Your copy of the listing must be exact and must hold no images.

--------------------------------

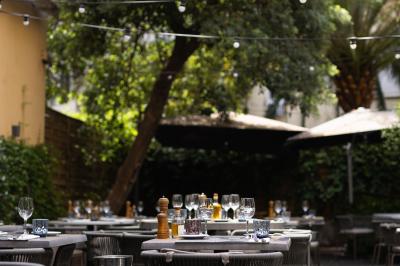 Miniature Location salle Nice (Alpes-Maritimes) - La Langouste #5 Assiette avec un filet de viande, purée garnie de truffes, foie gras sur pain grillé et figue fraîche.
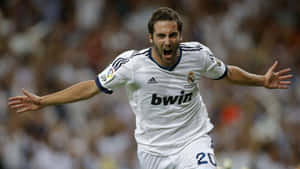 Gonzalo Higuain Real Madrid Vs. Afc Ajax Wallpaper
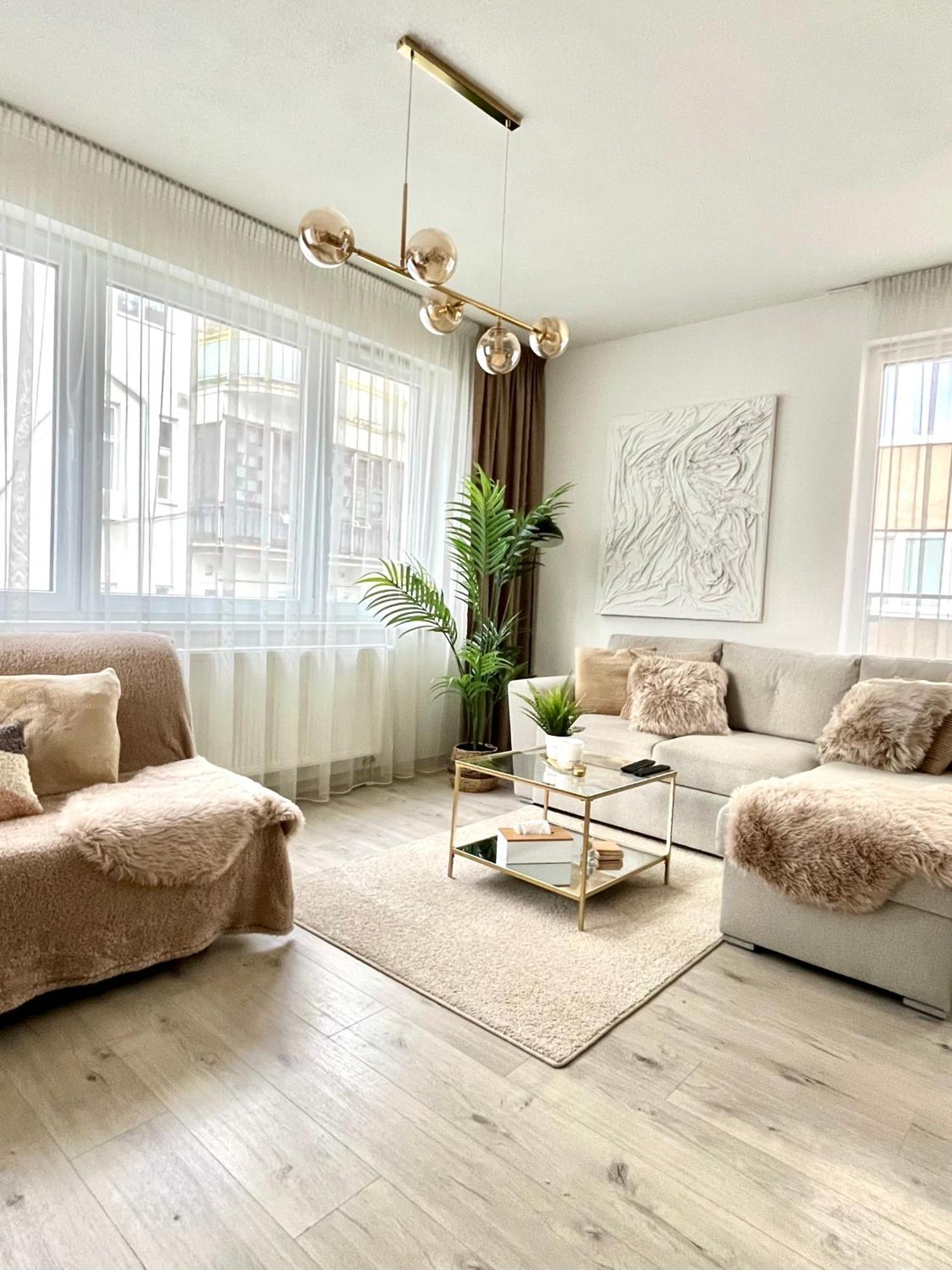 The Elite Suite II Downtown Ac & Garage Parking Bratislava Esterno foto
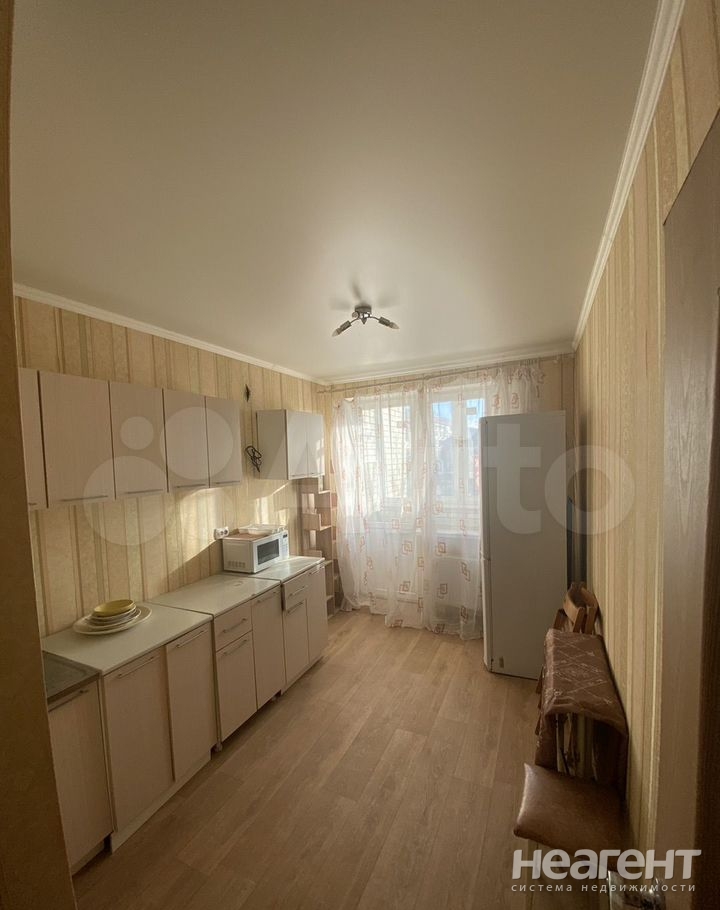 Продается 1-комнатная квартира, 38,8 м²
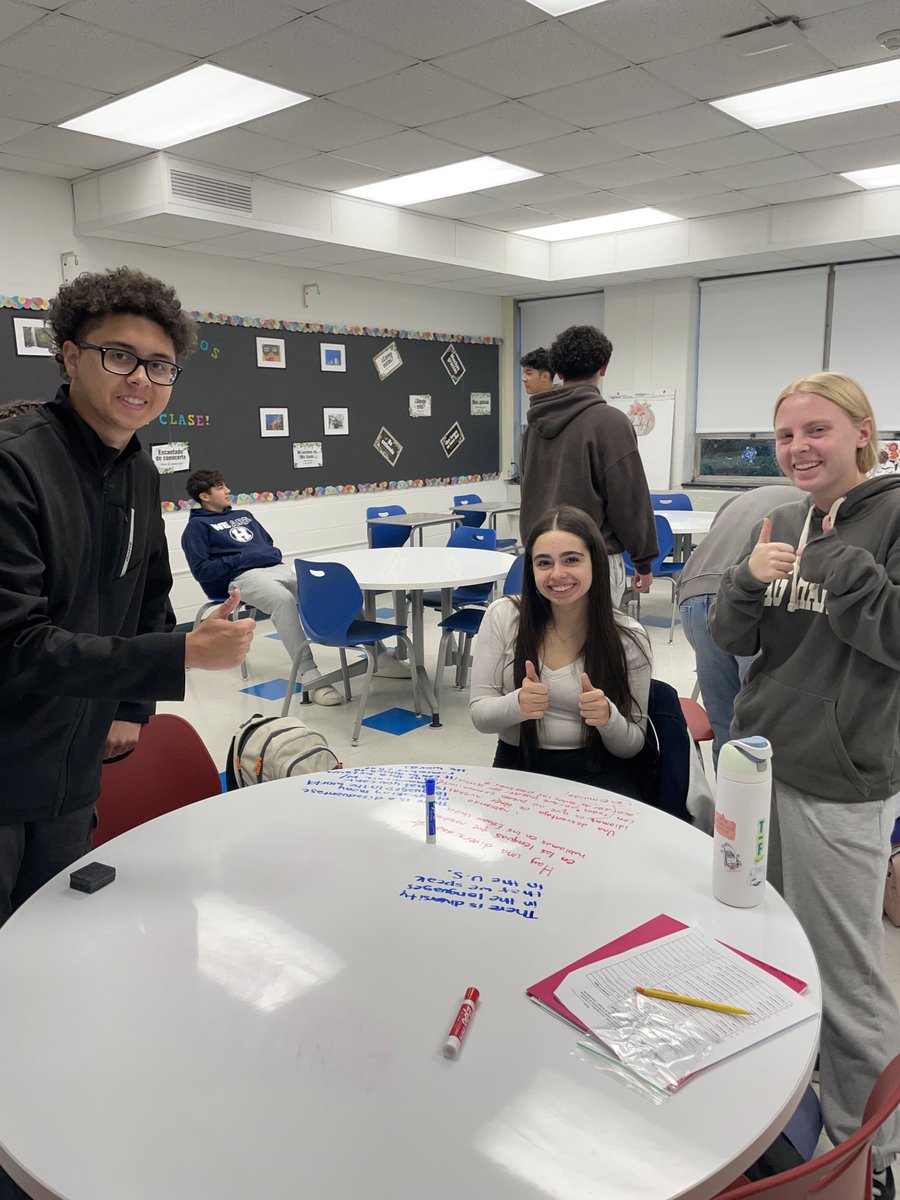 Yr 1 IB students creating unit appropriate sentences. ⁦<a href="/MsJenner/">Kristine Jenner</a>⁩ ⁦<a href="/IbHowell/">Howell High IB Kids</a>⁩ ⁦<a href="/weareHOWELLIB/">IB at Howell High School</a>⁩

--------------------------------

• **EXERCISE RESPONSE**:
 Miniature Location salle Nice (Alpes-Maritimes) - La Langouste #5 Assiette avec un filet de viande, purée garnie de truffes, foie gras sur pain grillé et figue fraîche.
 Gonzalo Higuain Real Madrid Vs. Afc Ajax Wallpaper
 The Elite Suite II Downtown Ac & Garage Parking Bratislava Esterno foto
 Продается 1-комнатная квартира, 38,8 м²
 Yr 1 IB students creating unit appropriate sentences. ⁦<a href="/MsJenner/">Kristine Jenner</a>⁩ ⁦<a href="/IbHowell/">Howell High IB Kids</a>⁩ ⁦<a href="/weareHOWELLIB/">IB at Howell High School</a>⁩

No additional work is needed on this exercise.